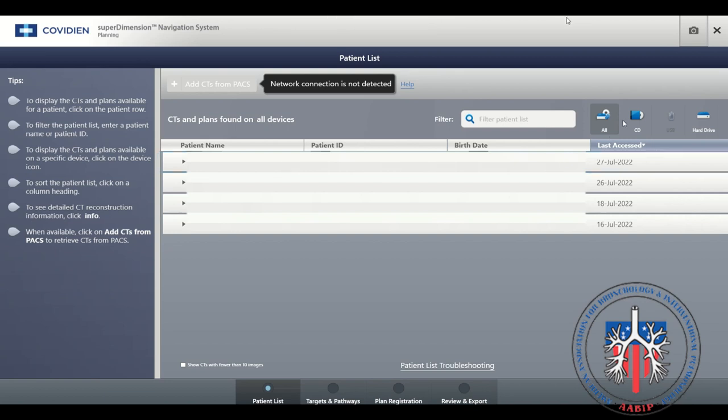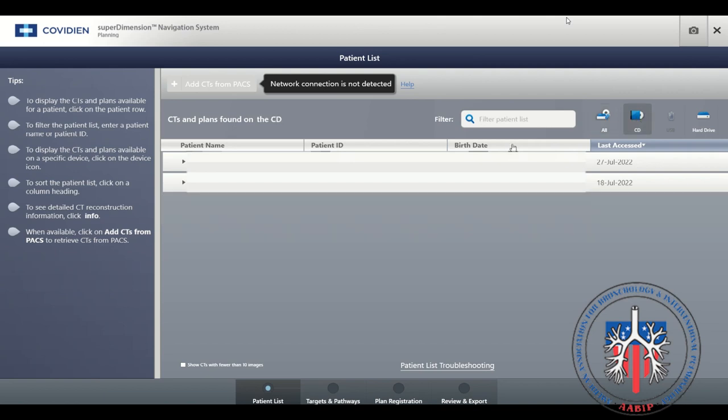If using a CD, select the CD icon to see your patient's images. Then select your patient.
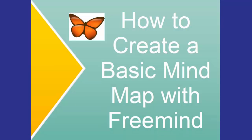In this video you're going to learn how to create a basic mind map using the free FreeMind mind mapping software. You need to start by making sure you have downloaded that software onto your computer. You can get that at freemind.sourceforge.net.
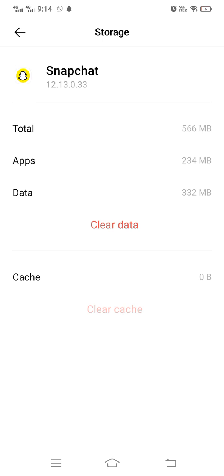So two important things are there: first, check for an update; secondly, clear the cache. By doing these two things, your app will not misbehave and will work accurately. I had mentioned three apps — two have been covered, and Facebook is remaining.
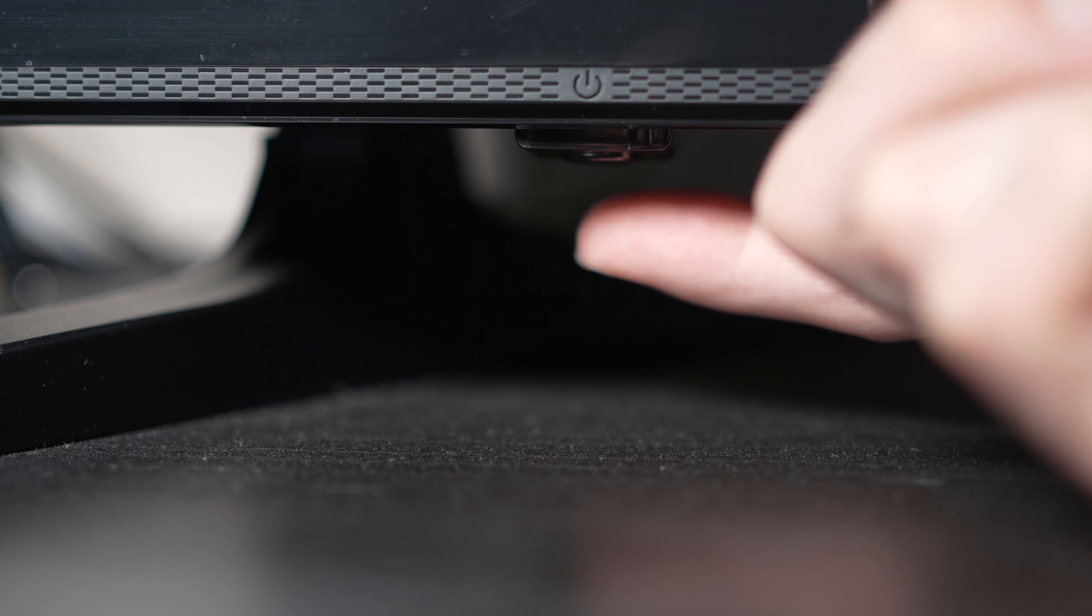Now depending on the model you have, you may have a power button on the back or one on the front under the TV. If you don't find one, don't worry, just skip this step. But if you found one, keep it pressed for 30 seconds.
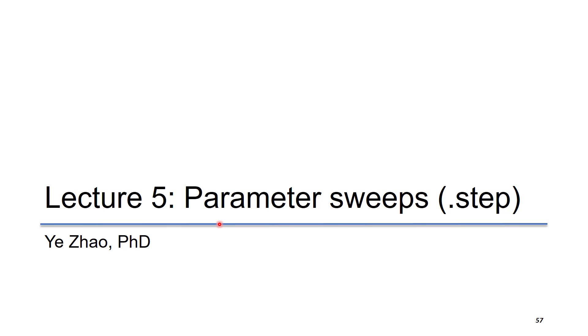This lecture will investigate parameter sweeps in LTSpice. This is a way to perform repeated analysis.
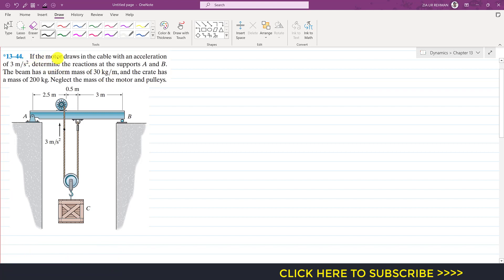The problem says that if the motor draws in the cable with an acceleration of 3 meters per second squared, determine the reactions at the supports A and B. The beam has a uniform mass of 30 kg per meter and the crate has a mass of 200 kg. We are told to neglect the mass of the motor and pulleys.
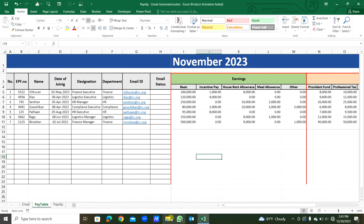So this email automation system, together, you can download this Excel. I will put the Excel file download link in the description. You can download this. Thank you.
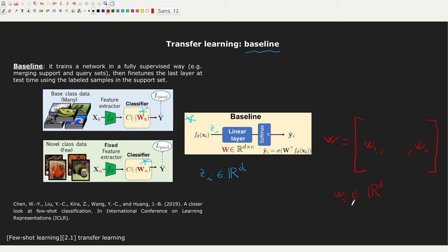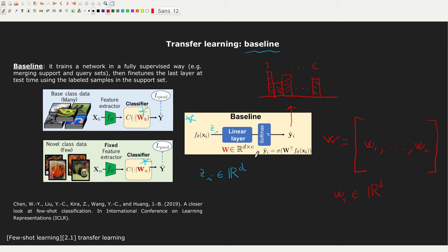If you consider the problem from this point of view, you realize that what we are doing in the baseline is computing a dot product between z and each vector in W. The result is a scalar squashed through a softmax into a categorical distribution. This gives a standard categorical distribution where you have a probability for each class — from class 1 up to class C — and the sum is 1. We can give a slightly different interpretation of this: baseline++.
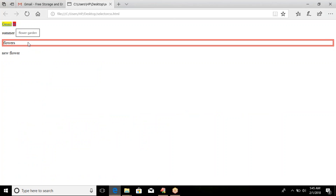In this way we can style forms and attributes using CSS attribute selectors. Thank you for watching this video. For more videos please subscribe to our channel Ratan IT.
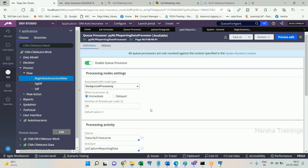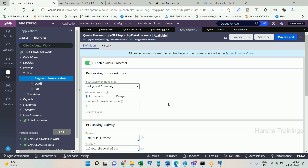On four nodes with 20 threads per node, 80 queue items can be processed at a time. To process 120 queue items, it takes about 90 seconds — one minute 30 seconds. With standard agent at one thread per node on four nodes, processing 120 queue items takes 30 minutes. So the same 120 items are processed in 1.5 minutes versus 30 minutes.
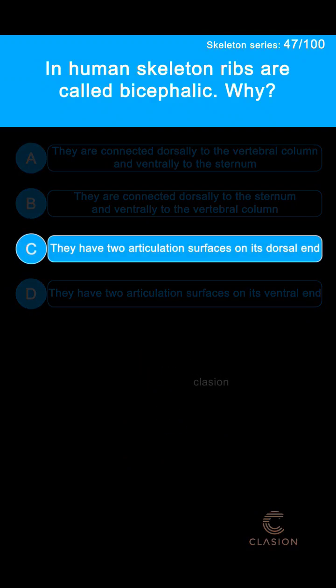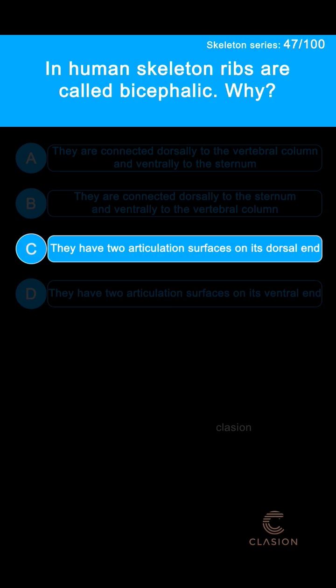The correct answer is Option C: They have two articulation surfaces on their dorsal end.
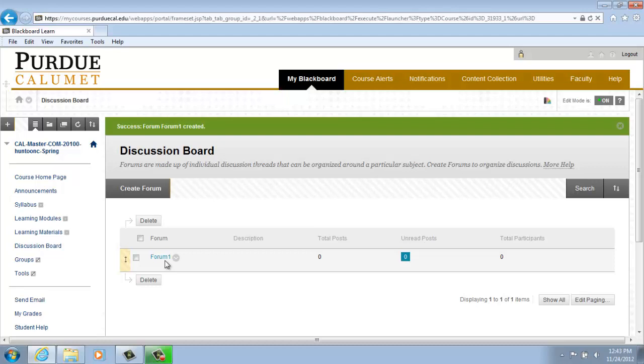Thank you for watching. Office of Instructional Technology, Purdue University, Calumet.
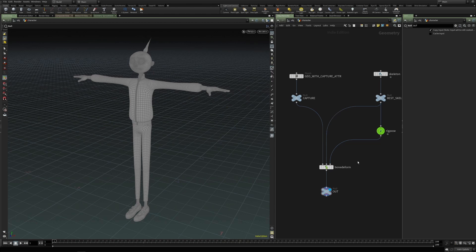Hello. In this video we're going to look into how to create a corrective shape in a KineFX based setup.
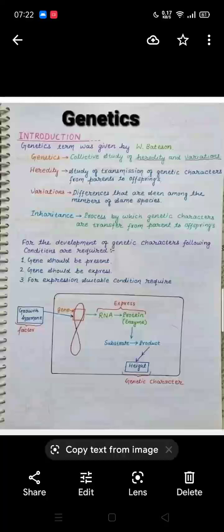Assalamualaikum, welcome to my YouTube channel. I am your instructor, Dr. Rabia. Today I am going to deliver lecture number two, which is about the history of genetics. In my previous video I told you about the fundamentals of genetics.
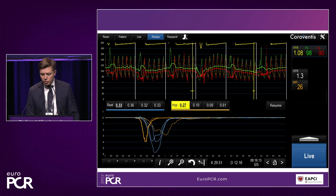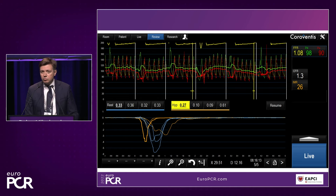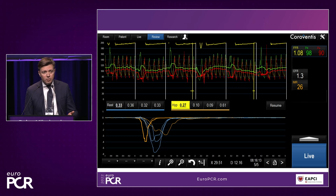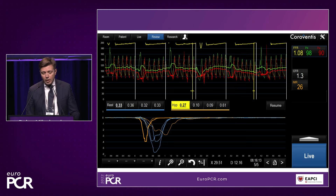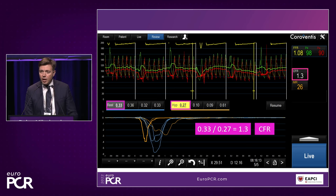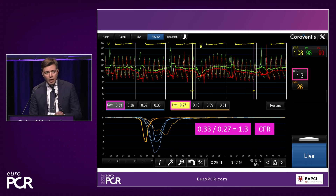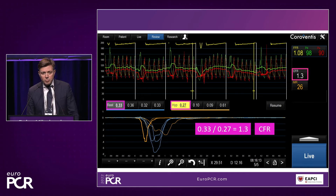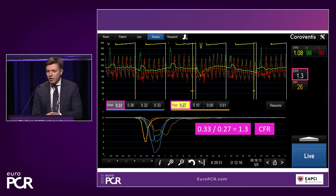The results were CFR 1.3 and IMR 26. We thought this explained everything — chest pain on exertion, young female, slightly overweight, CMD diagnosed. However, looking closely at how we got these values: mean transit time at rest was 0.33, divided by hyperemic mean transit time of 0.27 gives CFR 1.3. For IMR, we multiply distal coronary pressure by hyperemic mean transit time. But we should not stop at just numbers — we need to look at the thermodilution curves themselves.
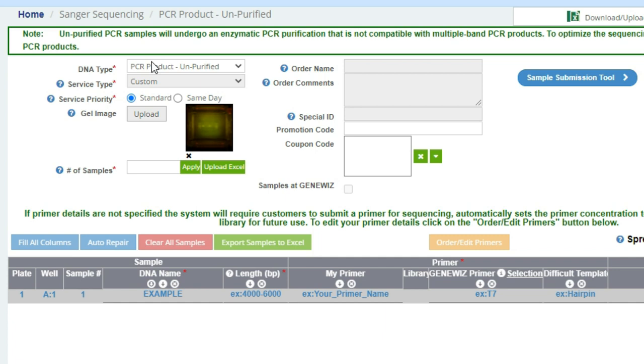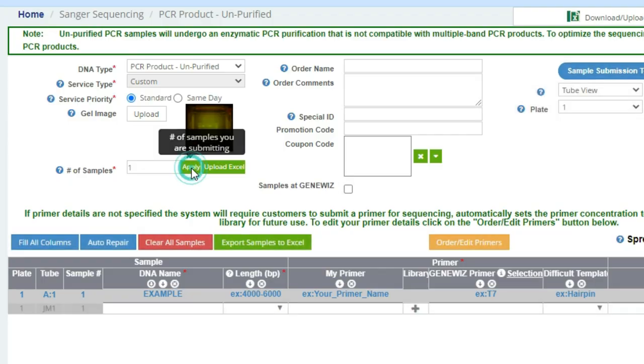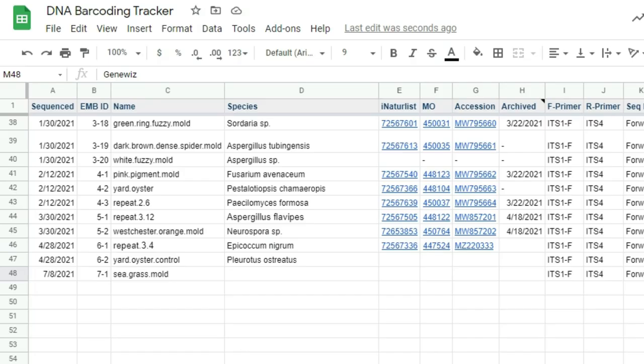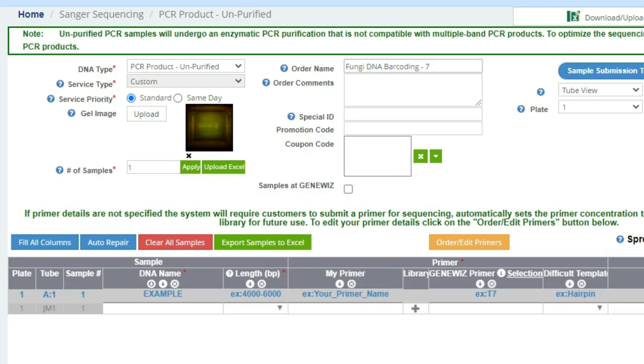Next, we'll need to enter in the number of samples that we will be ordering. So, just one for the seagrass. We'll enter in an order name. Now, I like to name these and have them correspond with my barcoding tracker, so here I'll name it FungiDNABarcoding-7 to indicate the seventh batch, and the seagrass will be the one and only sample.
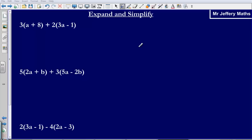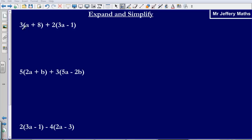In this video we are going to take a look at expanding and simplifying. So here we are given two single brackets and we are asked to add these things together. And in the exam it will tell us to expand and simplify. So what that means is to expand both the brackets by multiplying them out and then collect all of the like terms.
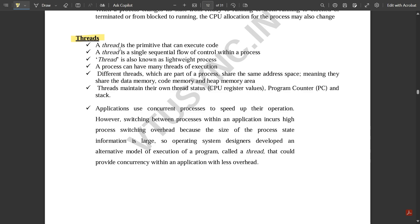Now let us discuss threads. A thread is a primitive that can execute code. It is a single sequential flow of control within the process — we don't have multiple sequential flows of control; it executes once only. A thread is also known as a lightweight process. A process can have many threads of execution. Different threads within a process share the same address space, meaning they share the same data memory, code memory, and heap memory. However, each thread maintains its own status — CPU register values, program counter, and stack — so they are independent.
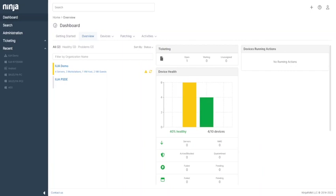Welcome to the dashboard of Ninja RMM. You'll see this screen right after you log in. You can see how many devices in your organization are healthy, how many have alerts, how many tickets are open, or whatever you want on this customizable dashboard.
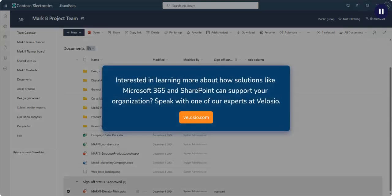Interested in learning more about how solutions like Microsoft 365 and SharePoint can support your organization? Speak with one of our experts at Velocio.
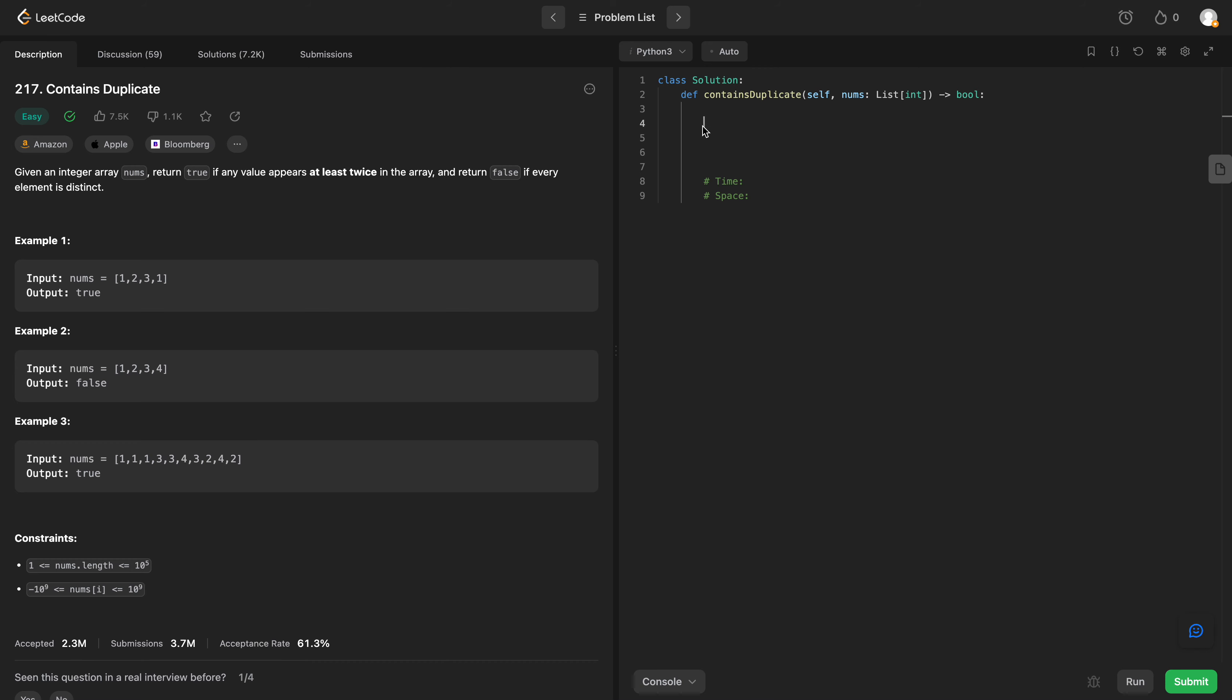Welcome back everyone. We're going to be solving LeetCode 217 Contains Duplicate. So we're given an integer array nums and we want to return true if any value appears at least twice in this array, and we return false if every element is distinct.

## TASK TO COMPLETE
Copy exactly the lines that run from the one containing "Now let us discuss" to the last line of the records, both included, and leave out every picture.

## SOLUTION TO THIS TASK
Now let us discuss threads. A thread is a primitive that can execute code. It is a single sequential flow of control within the process — we don't have multiple sequential flows of control; it executes once only. A thread is also known as a lightweight process. A process can have many threads of execution. Different threads within a process share the same address space, meaning they share the same data memory, code memory, and heap memory. However, each thread maintains its own status — CPU register values, program counter, and stack — so they are independent.
Welcome to the dashboard of Ninja RMM. You'll see this screen right after you log in. You can see how many devices in your organization are healthy, how many have alerts, how many tickets are open, or whatever you want on this customizable dashboard.
Interested in learning more about how solutions like Microsoft 365 and SharePoint can support your organization? Speak with one of our experts at Velocio.
Welcome back everyone. We're going to be solving LeetCode 217 Contains Duplicate. So we're given an integer array nums and we want to return true if any value appears at least twice in this array, and we return false if every element is distinct.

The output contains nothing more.